◆ **WHAT THIS TASK INVOLVES**: A faithful copy of the data is the goal; set it down exactly, without the images.

◆ **GIVEN MATERIAL**:
.....

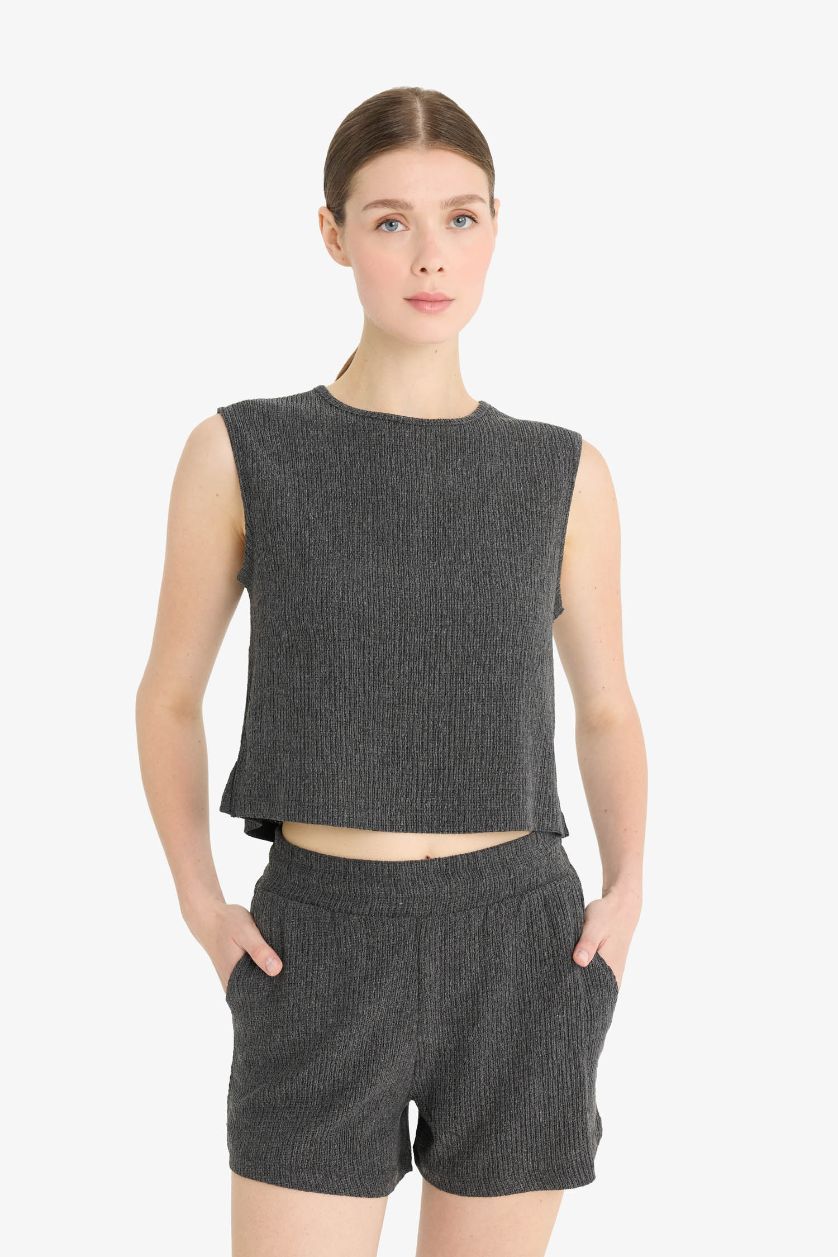 WOMAN Anthracite Melange Boxy Fit Crew Neck Crepe Tank Top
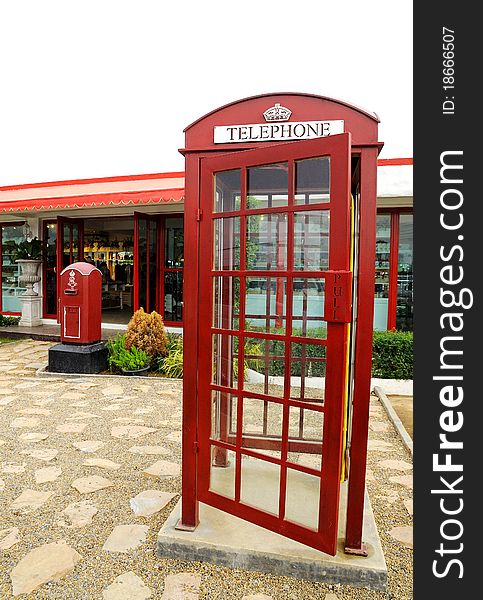 Red telephone box on street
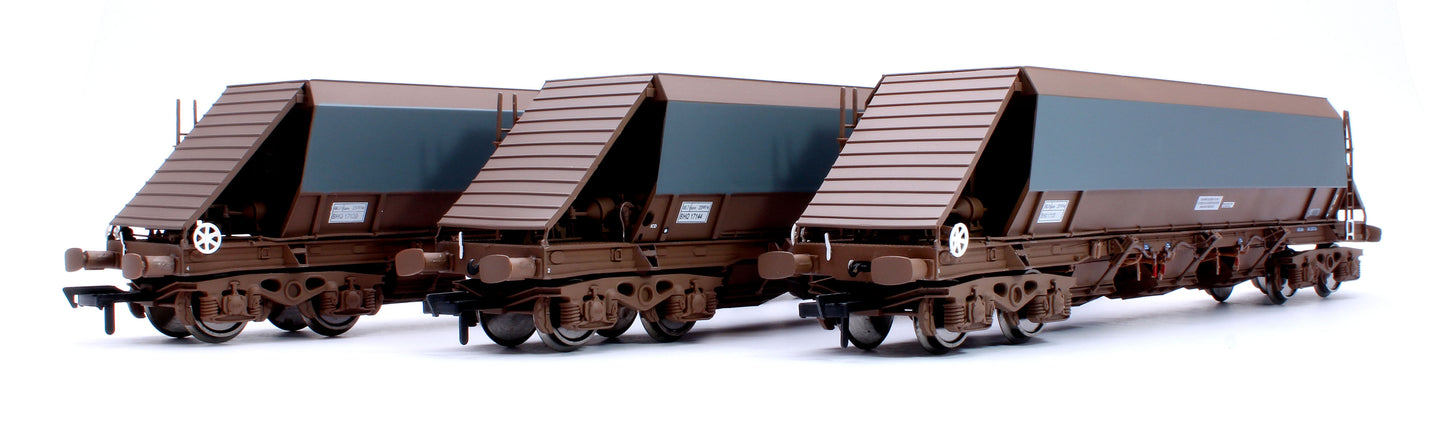 Modern Unbranded (Grey) Bardon PHA/JGA Hopper Wagon - Weathered (Triple Pack)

.....

◆ **ANSWER TO THIS TASK**:
 WOMAN Anthracite Melange Boxy Fit Crew Neck Crepe Tank Top
 Red telephone box on street
 Modern Unbranded (Grey) Bardon PHA/JGA Hopper Wagon - Weathered (Triple Pack)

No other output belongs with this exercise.